### PROBLEM DESCRIPTION:
In the records below, find the line containing "Anita Donaldson Photo 15" and the line containing "Casa por restaurar". Give again exactly those lines and every line between them, omitting the pictures.

### RECORDS FOR THE TASK:
.....

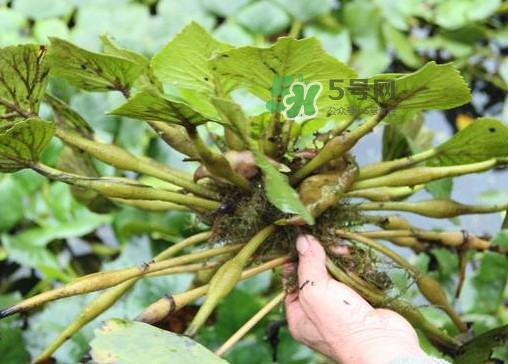 紅菱怎么種植？新鮮紅菱怎么保存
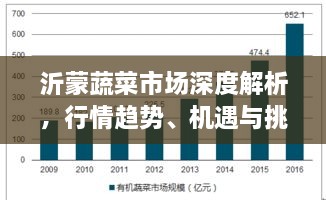 沂蒙蔬菜市场深度解析，行情趋势、机遇与挑战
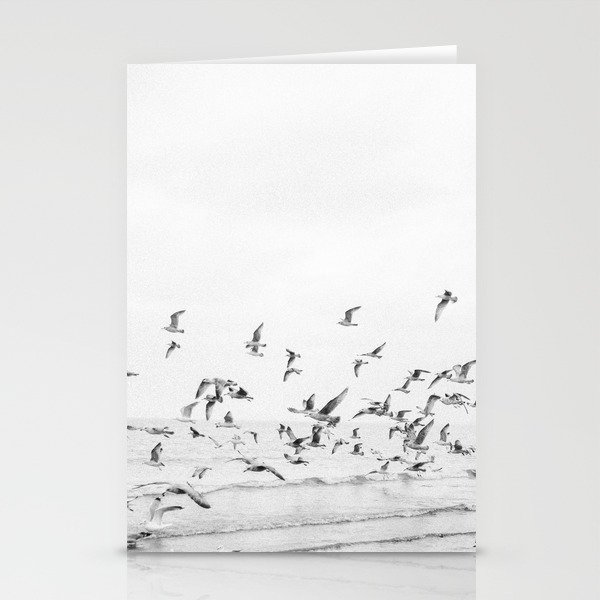 "Seagulls" | Coastal black and white photo | Film photography | Beach Stationery Cards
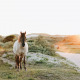 Paarden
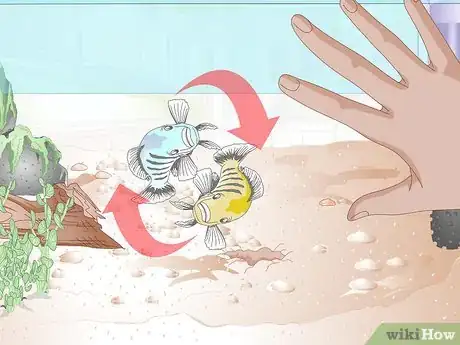 Imagen titulada Breed Malawi Cichlids Step 11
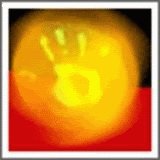 Anita Donaldson Photo 15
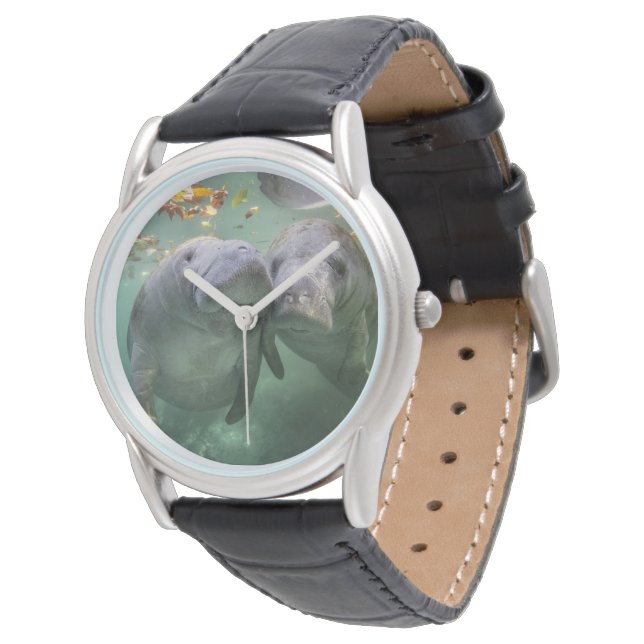 Reloj De Pulsera Animales de bebé más afectados | Dos Manatíes (Angular)
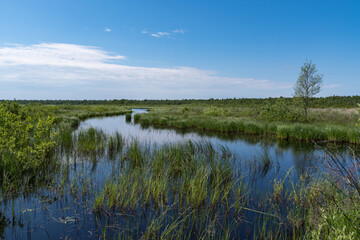 Panorama of Kokkorevo swamp. Natural reserve Kokkorevskey, Ladoga lake shore, Leningrad region, Russia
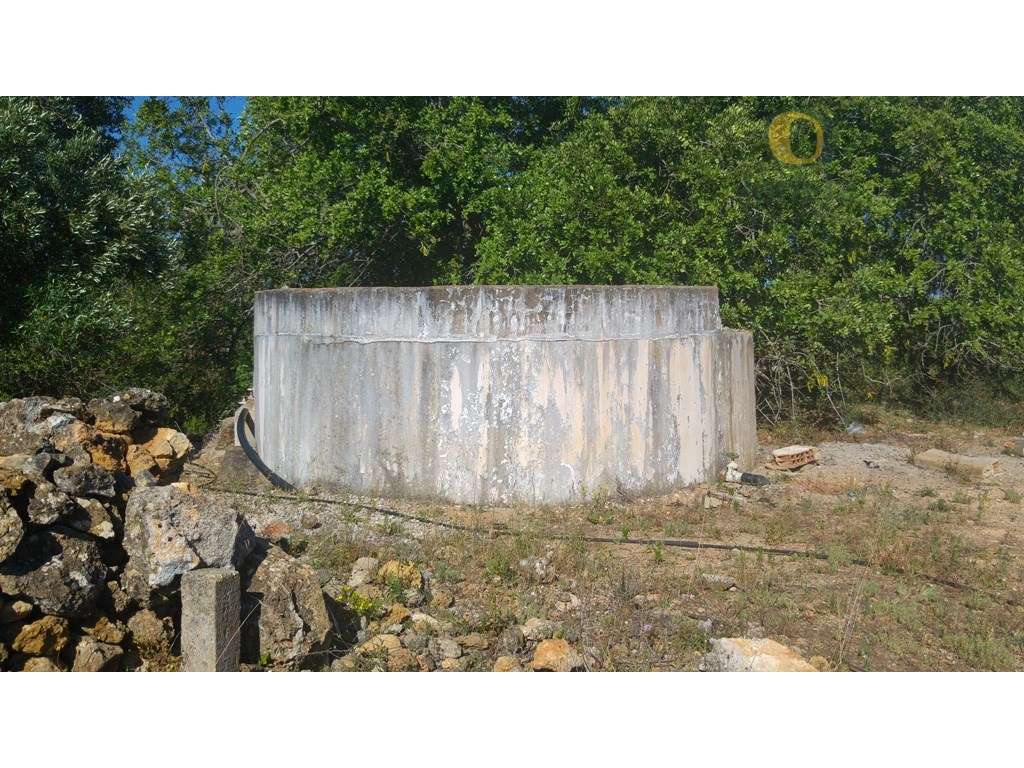 Casa por restaurar com 170 m2 em terreno com 2,2 hectares - Grande imagem: 5/15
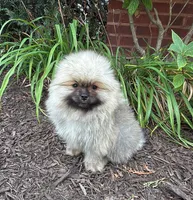 Max , a male Pomeranian for sale in Niles, IL – 3 of 10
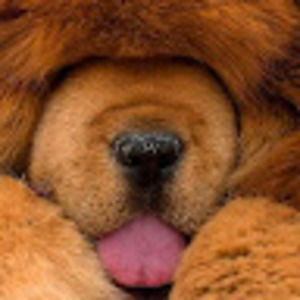 Meet your Posher, Bethy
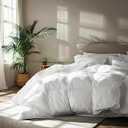 Serta Goose Feather Down Fiber Comforter Queen Size - 100% Cotton Cover Duvet Insert - Hotel Luxury Hypoallergenic Bedding Comforter All Season Medium Warmth 90 x 90 Inch White
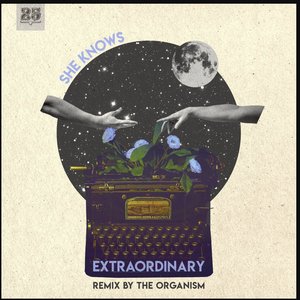 Изображение для 'Extraordinary'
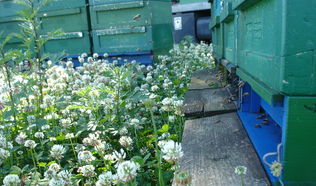 Bienen im Klee
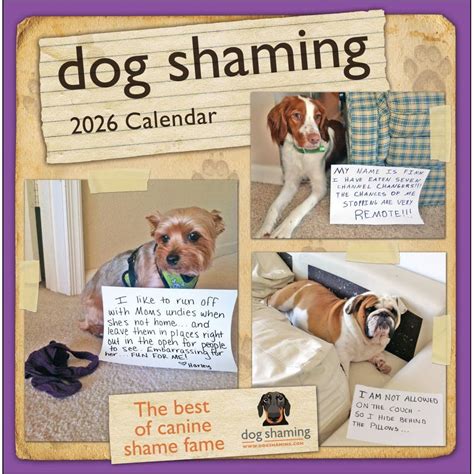 dog shaming 2016 wall calendar PDF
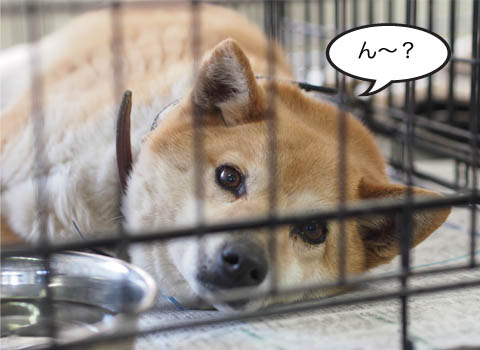 30日ブログ8.jpg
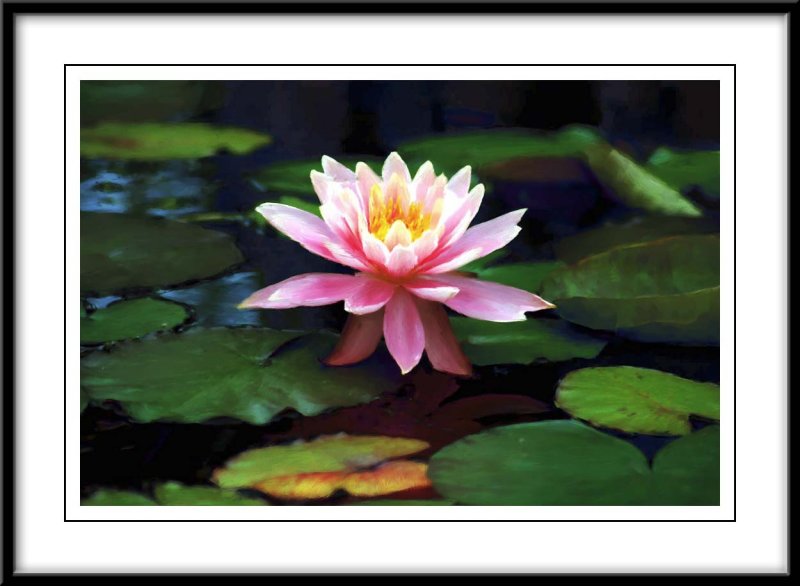Walters water lily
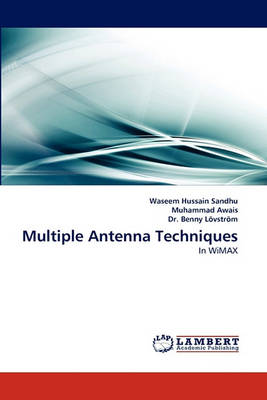 Multiple Antenna Techniques (Paperback)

.....

### SOLUTION:
 Anita Donaldson Photo 15
 Reloj De Pulsera Animales de bebé más afectados | Dos Manatíes (Angular)
 Panorama of Kokkorevo swamp. Natural reserve Kokkorevskey, Ladoga lake shore, Leningrad region, Russia
 Casa por restaurar com 170 m2 em terreno com 2,2 hectares - Grande imagem: 5/15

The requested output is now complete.